DeepUAge: Improving Underage Age Estimation Accuracy to Aid CSEM Investigation
Anda, Felix; Le-Khac, Nhien-An; Scanlon, Mark
Publication Date: April 2020
Publication Name: Forensic Science International: Digital Investigation
Abstract: Age is a soft biometric trait that can aid law enforcement in the identification of victims of Child Sexual Exploitation Material (CSEM) creation/distribution. Accurate age estimation of subjects can classify explicit content possession as illegal during an investigation.

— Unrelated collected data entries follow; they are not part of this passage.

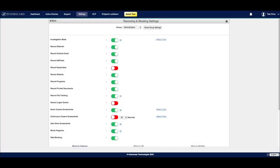Recording and blocking settings allow you to customize the types of data and activity that InterGuard will monitor and regulate. It's also where you'll be able to configure different screenshot settings as well as program and website restrictions for your users.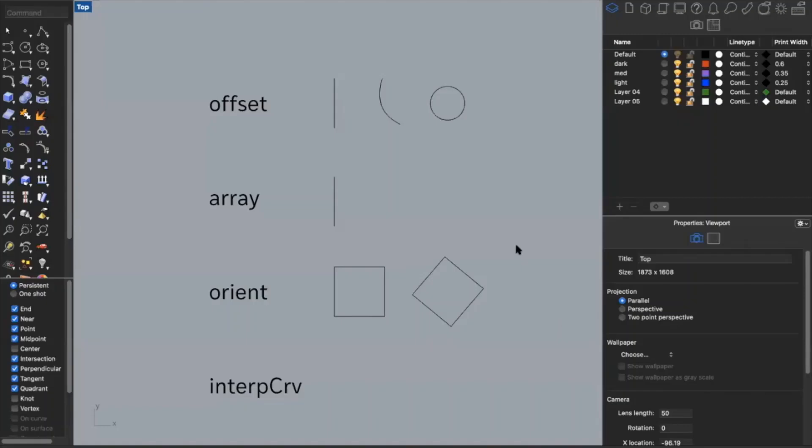I'm going to go through some commands that may be helpful as you continue drafting in Rhino. I'll share this Rhino file with Ajay, so if you want to follow along, you can go ahead and do that.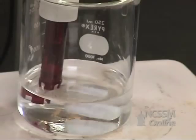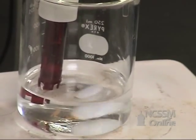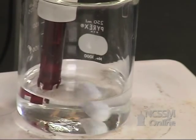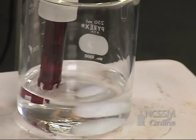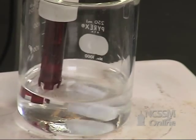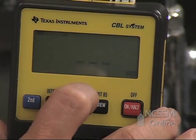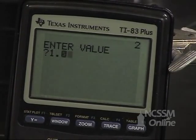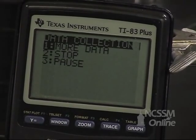We're now going to add as close to 1 milliliter of sodium hydroxide solution as possible. If you don't hit exactly 1 milliliter, simply read the volume and enter that volume into the calculator. When the CBL reading is stable, press trigger and enter the value on your calculator: 1.00 milliliters.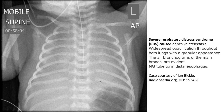This results in widespread opacification throughout both lungs with a granular appearance. The air bronchograms of the main bronchi are even evident.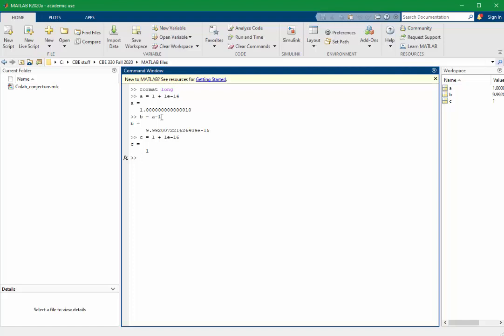And if we subtract 1 from this number, we don't get 10 to the minus 16, or even something close to 10 to the minus 16, we get 0. The number is exactly 0. And the reason is because 10 to the minus 16 that we're adding to the 1 here is so small that it's below the limit of MATLAB to distinguish the difference.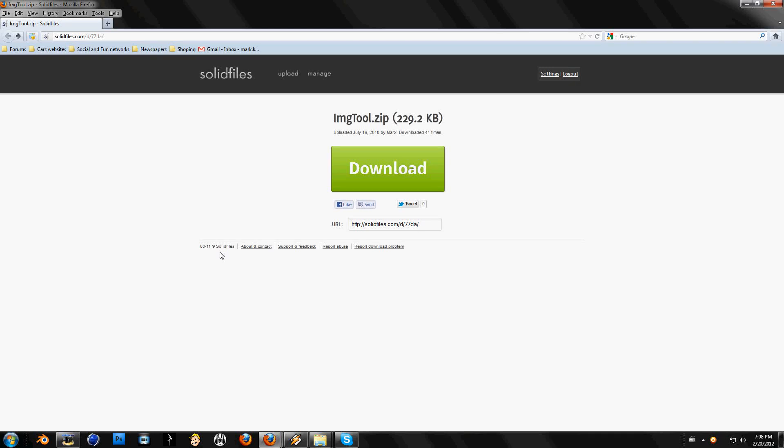Hello guys, today I will show you how to work with AMG Tool for San Andreas.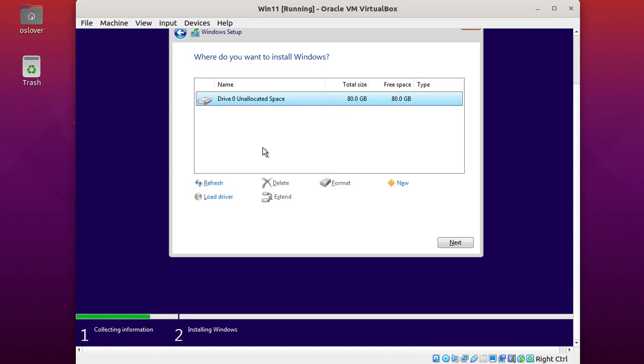Now install Windows 11 on VirtualBox. If you like this video, give a like, comment, and share. Thank you so much for watching.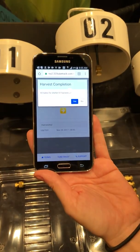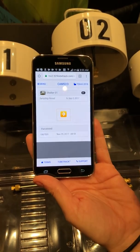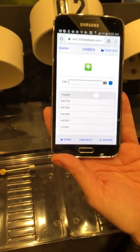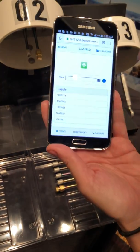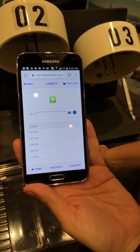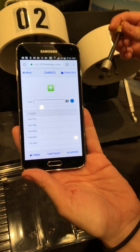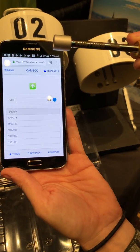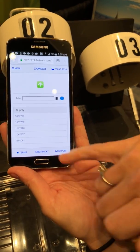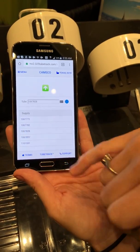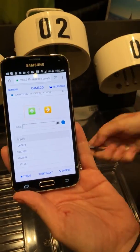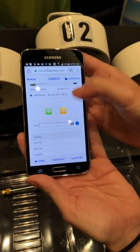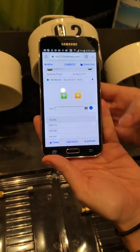Now I'm going to deploy. I've harvested for one. All of your tubes — this is my kit A and kit B — all of your tubes that you're going to deploy are preloaded into the software. So I have 1067828 here. I'm just going to select that from the list and deploy. And that's it for the first shelter. That's how easy it is.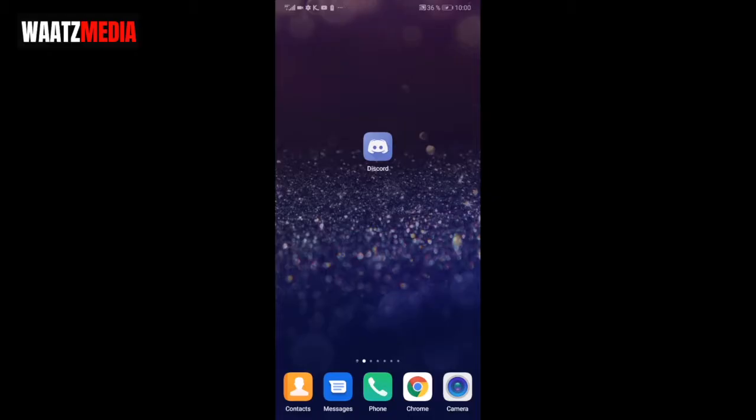Hi everyone, so in this video we're going to learn how to delete your own server on Discord on your mobile phone in 2020. This should work on Android and iOS.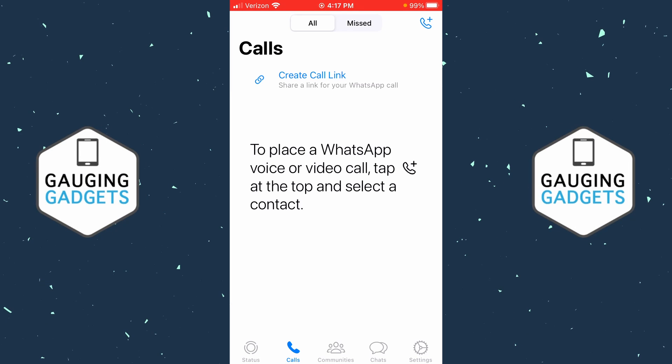How to send your location on WhatsApp. Welcome to another Gauging Gadgets WhatsApp tutorial video. In this video, I'm going to show you how to send your location on WhatsApp.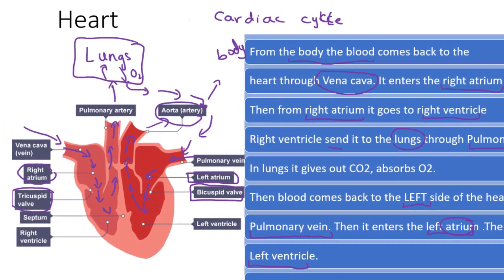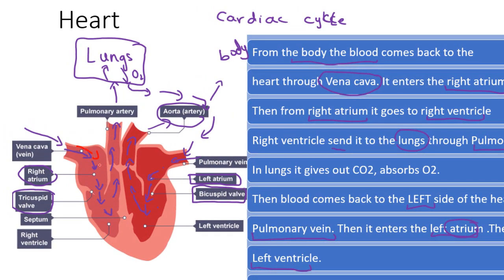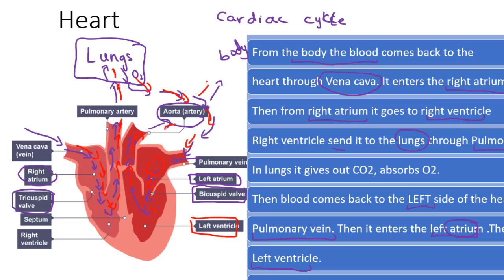Let me repeat this cycle once again. Deoxygenated blood comes through the vena cava and enters the right atrium. As the tricuspid valve opens, it goes to the right ventricle. From the right ventricle, it travels via the pulmonary artery to the lungs. In the lungs, the blood gets oxygenated and loses carbon dioxide. Then it comes through the pulmonary vein and enters the left atrium. From the left atrium it travels to the left ventricle, and from the left ventricle it is pumped out through the aorta to the whole body. And again, the cycle continues.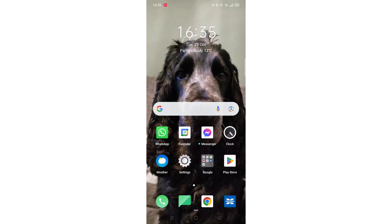We'll guide you through how to download the Greggs app on an Android phone. If you find this helpful, consider liking the video and subscribing to the channel.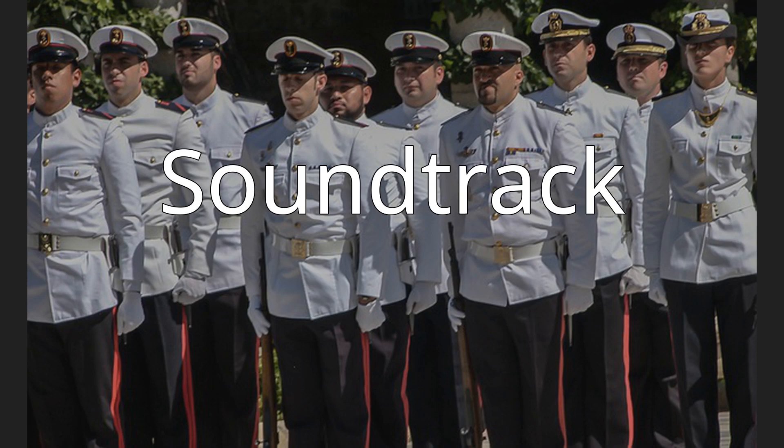Soundtrack: Mark Isham's soundtrack was released as an album in 2000.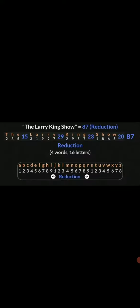Larry King died at 87 years old. The Larry King Show equals 87 with numerology.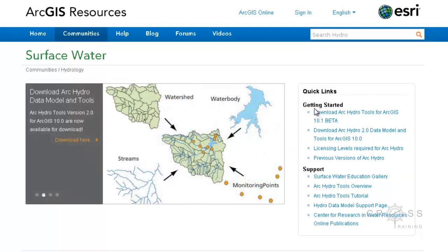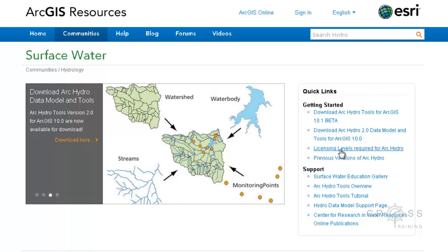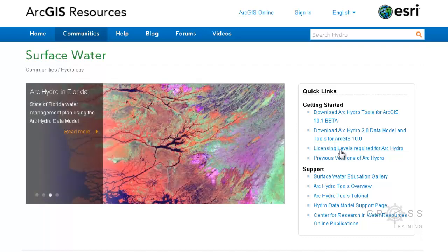Over here on the right side where it says 'Getting Started,' we have several links. One you might be interested in is 'Download ArcHydro Tools for ArcGIS 10.1 beta.' We also have information about the data model, licensing levels required for ArcHydro, and previous versions of ArcHydro.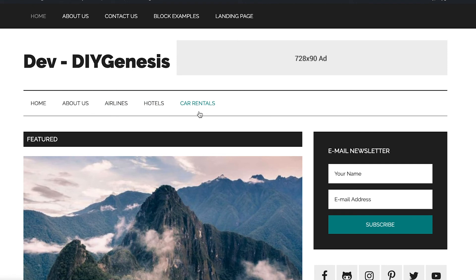And then when we go to our main home page, we refresh, you see right there: Airlines, Hotels, and Car Rentals. So guys, I just wanted to show you just how powerful this is, how easy it is to go about setting up this navigation.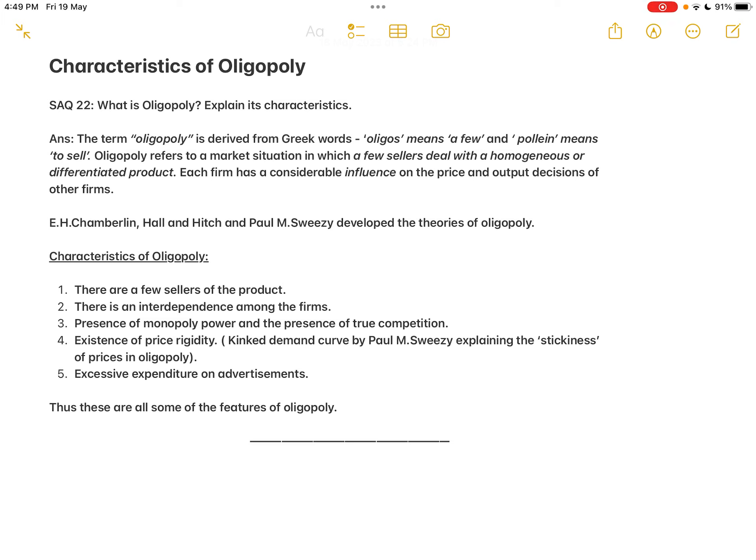After oligopoly comes monopolistic competition, which we finished in the previous class — many sellers. If there are a large number of sellers, that becomes perfect competition. Now, coming to oligopoly: the term is derived from Greek words — 'oligos' means 'a few' and 'polein' means 'to sell.' So oligopoly refers to a market situation with few sellers.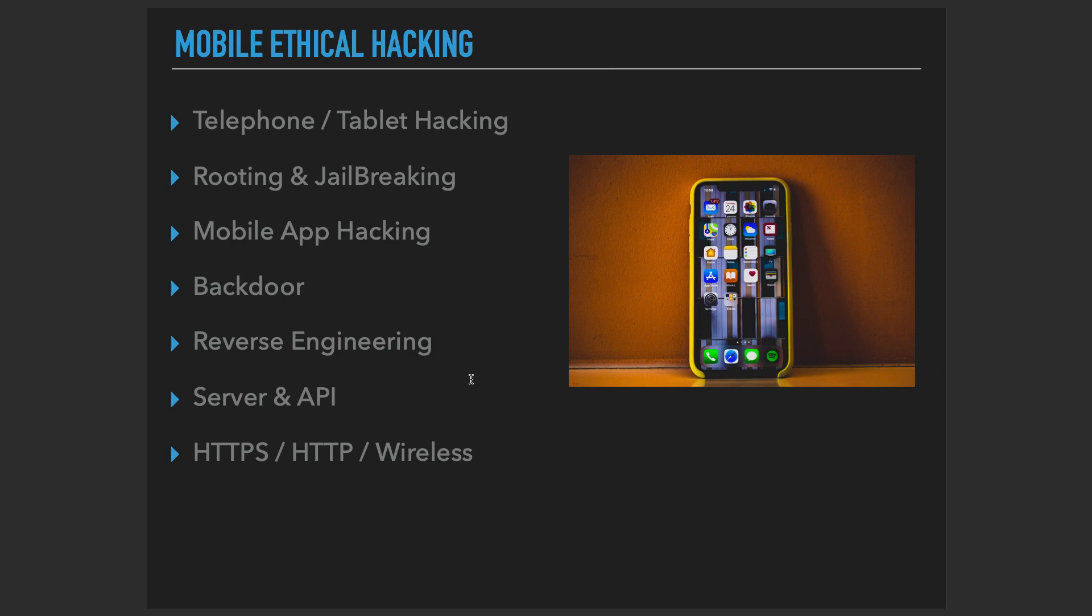And actually, furthermore, we're going to learn the fundamentals of iOS and Android development as well, because we need that information in order to comprehend all of these things. So maybe if you're an Android developer, of course you can actually skip the Android development fundamentals section. Or if you're an iOS developer, you're more than welcome to skip the iOS development sections.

Automation of this age classification has the potential to expedite content discovery and focus the investigation of digital evidence through the prioritisation of evidence containing CSEM. In recent years, artificial intelligence based approaches for automated age estimation have been created, and many public cloud service providers offer this service on their platforms. The accuracy of these algorithms have been improving over recent years. These existing approaches perform satisfactorily for adult subjects, but perform wholly inadequately for underage subjects. To this end, the largest underage facial age dataset, VisAGe, has been used in this work to train a ResNet50 based deep learning model, DeepUAge, that achieved state-of-the-art beating performance for age estimation of minors. This paper describes the design and implementation of this model. An evaluation, validation and comparison of the proposed model is performed against existing facial age classifiers resulting in the best overall performance for underage subjects.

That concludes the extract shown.